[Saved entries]
************

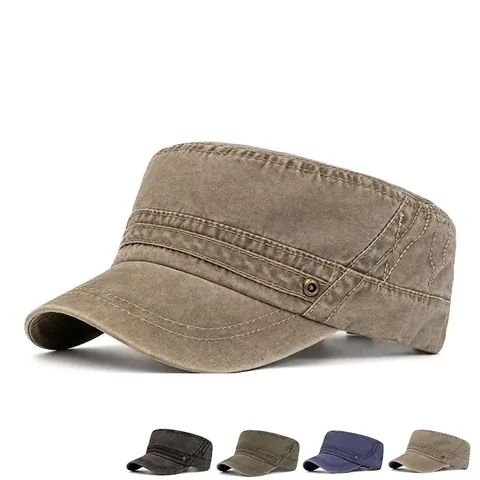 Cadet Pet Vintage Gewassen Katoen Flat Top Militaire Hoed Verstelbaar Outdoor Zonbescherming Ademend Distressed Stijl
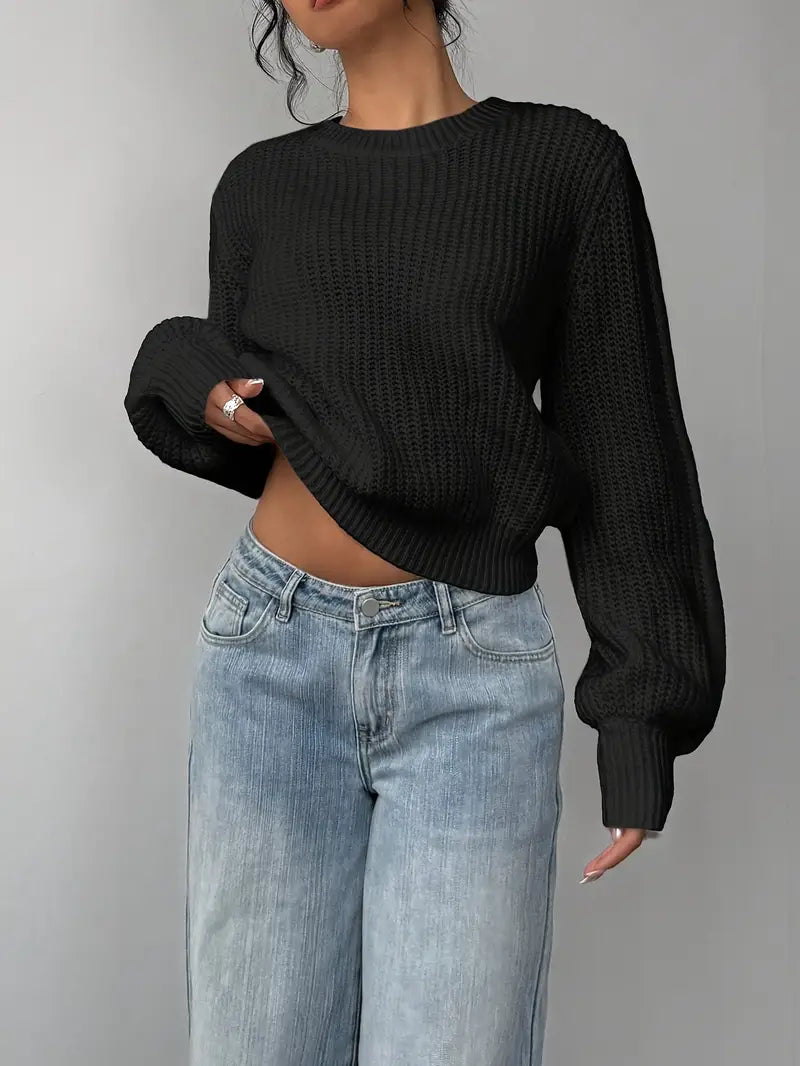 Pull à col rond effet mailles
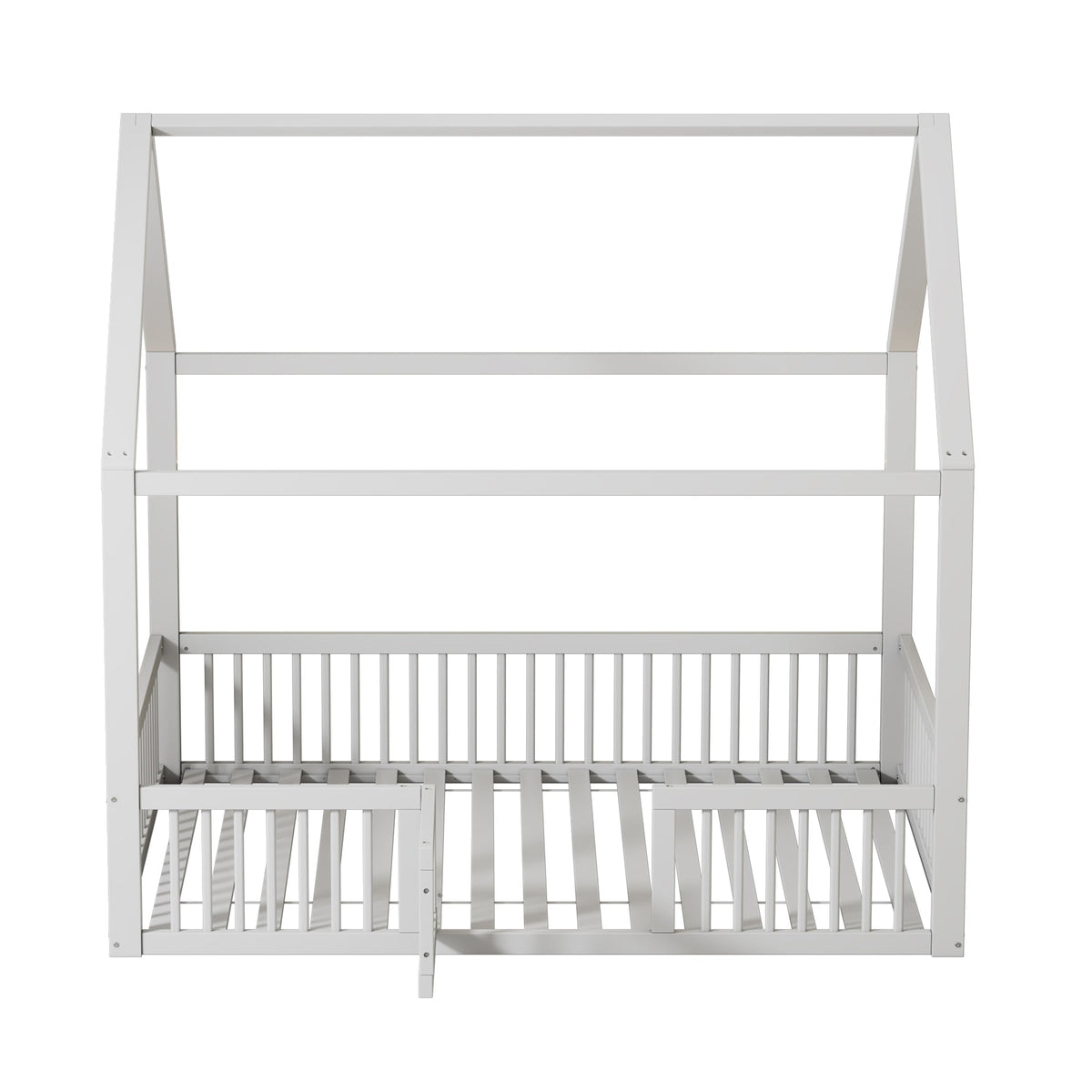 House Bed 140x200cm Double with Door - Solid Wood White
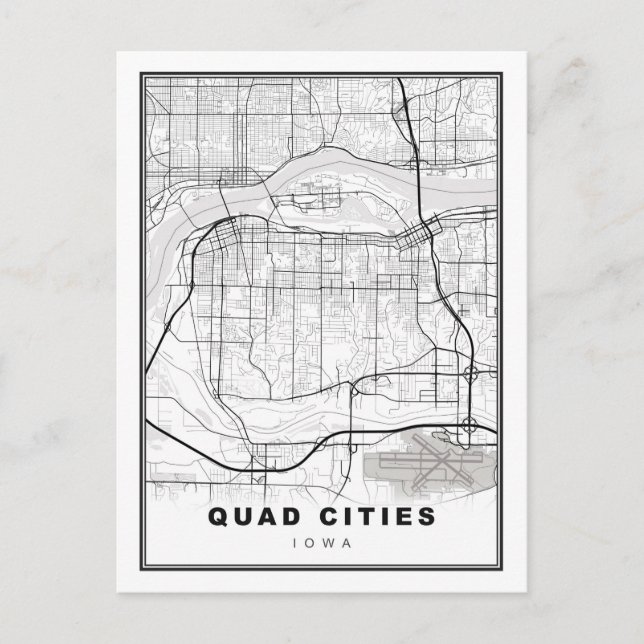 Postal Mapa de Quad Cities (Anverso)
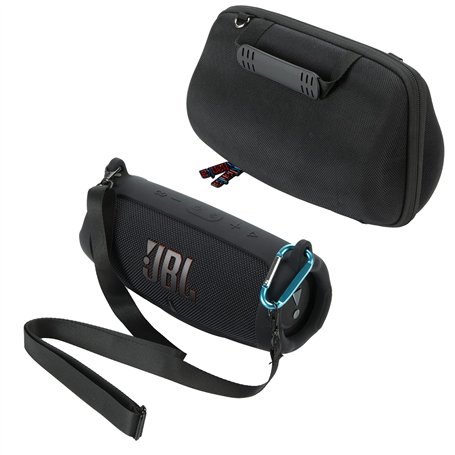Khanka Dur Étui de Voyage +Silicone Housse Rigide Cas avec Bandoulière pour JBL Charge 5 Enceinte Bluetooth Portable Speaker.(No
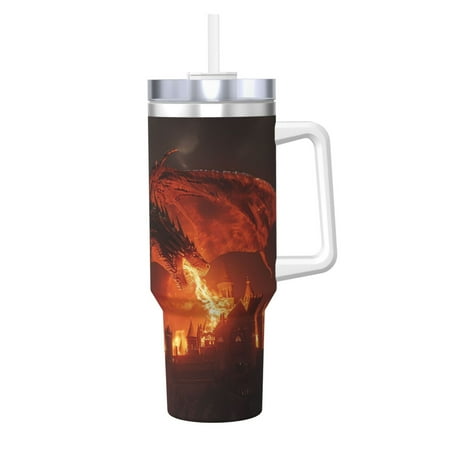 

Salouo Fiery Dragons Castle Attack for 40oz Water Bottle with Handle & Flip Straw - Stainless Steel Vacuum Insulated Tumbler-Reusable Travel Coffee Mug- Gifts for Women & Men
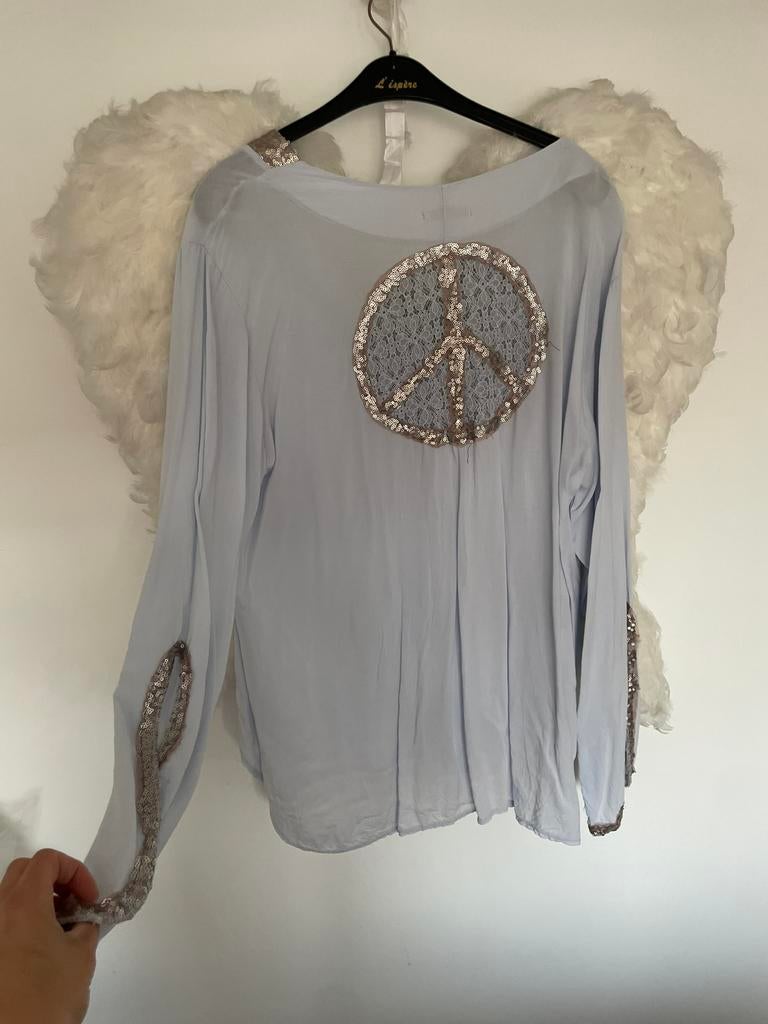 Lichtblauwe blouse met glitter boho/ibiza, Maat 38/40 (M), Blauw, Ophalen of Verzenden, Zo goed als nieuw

************

> _Requirement_
Type out the entries again without a single change, and leave the pictures out.

> _Solution for this problem_
 Cadet Pet Vintage Gewassen Katoen Flat Top Militaire Hoed Verstelbaar Outdoor Zonbescherming Ademend Distressed Stijl
 Pull à col rond effet mailles
 House Bed 140x200cm Double with Door - Solid Wood White
 Postal Mapa de Quad Cities (Anverso)
Khanka Dur Étui de Voyage +Silicone Housse Rigide Cas avec Bandoulière pour JBL Charge 5 Enceinte Bluetooth Portable Speaker.(No

Salouo Fiery Dragons Castle Attack for 40oz Water Bottle with Handle & Flip Straw - Stainless Steel Vacuum Insulated Tumbler-Reusable Travel Coffee Mug- Gifts for Women & Men
 Lichtblauwe blouse met glitter boho/ibiza, Maat 38/40 (M), Blauw, Ophalen of Verzenden, Zo goed als nieuw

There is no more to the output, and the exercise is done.